Ainsi, que l’on aime ou pas Blood Incantation et son mélange de Death Metal progressif et de sonorités électroniques, difficile de ne pas saluer cette envie de vouloir sortir des sentiers battus, ce besoin d’être constamment là où on ne l’attend pas, sa capacité à fédérer autour de choix qui pourtant n’ont rien d’anodin et cette manière qu’il a de conduire sa carrière comme bon lui semble sans jamais penser à ce qu’il conviendrait de faire pour que cela fonctionne mais plutôt à se laisser porter par la force de ses convictions pour ainsi accoucher en 2024 de ce qui constitue aujourd’hui son album le plus abouti et au passage probablement l’un des disques de l’année pour un grand nombre d’auditeurs.

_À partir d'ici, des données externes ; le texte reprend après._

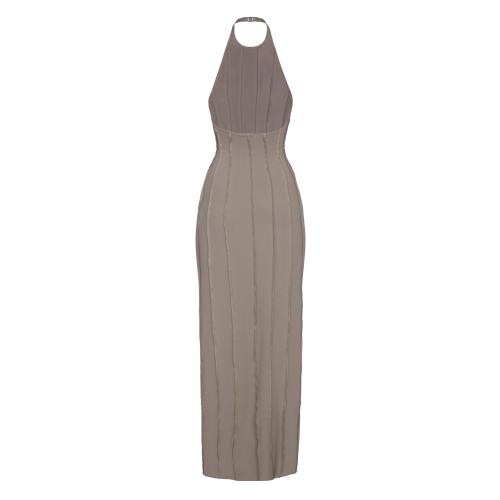 LONG RELIEF DRESS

Car
Absolute Elsewhere est un album incroyable de justesse capable de naviguer à sa guise entre plusieurs genres et sonorités. Un disque aventureux, bien loin de cette immuabilité qui caractérise une bonne partie de la scène Death Metal et sur lequel Paul Riedl, Morris Kolontyrsky, Jeff Barrett et Isaac Faulk semblent eux-mêmes transportés par l’enthousiasme de ceux qui savent parfaitement ce qu’ils font et de ce qu’ils ont entre les mains. Bref, je n’ai pas souvent mis la note de 10 sur 10 à un album mais
Absolute Elsewhere le mérite aujourd’hui amplement. Bravo messieurs car vous m’avez véritablement régalé tout en vous payant le luxe de nous rappeler pourquoi nous avions raisons de nous montrer aussi dithyrambiques à votre égard.